Note the line containing "Cat Photograph - Feline"; from it through the last line below, give only those lines again, exactly, both ends included, skipping pictures.
[Start of section]
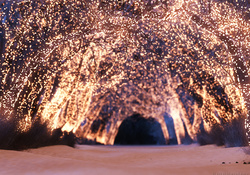 Lighted Winter Trees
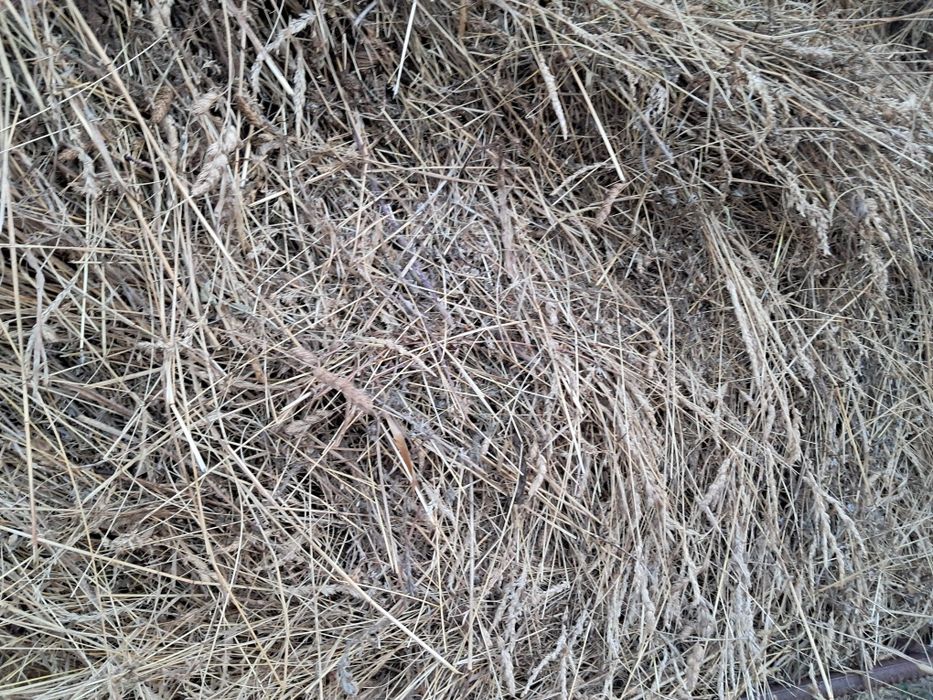 Baloti fan si ciocani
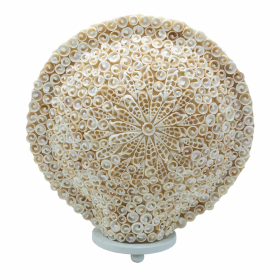 Lampe Boho Coquillage - Coquille Art Découpé Grand Rond - 30 cm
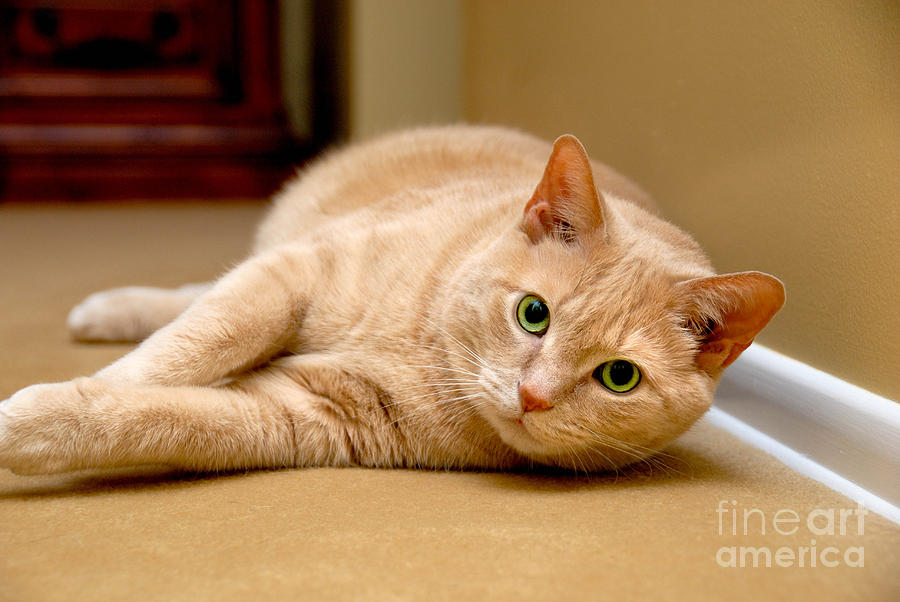 Cat Photograph - Feline Portrait #1 by Amy Cicconi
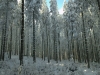 Langlaufen im Waldviertel - Region Bärnkopf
[End of section]
* _Written response_
 Cat Photograph - Feline Portrait #1 by Amy Cicconi
 Langlaufen im Waldviertel - Region Bärnkopf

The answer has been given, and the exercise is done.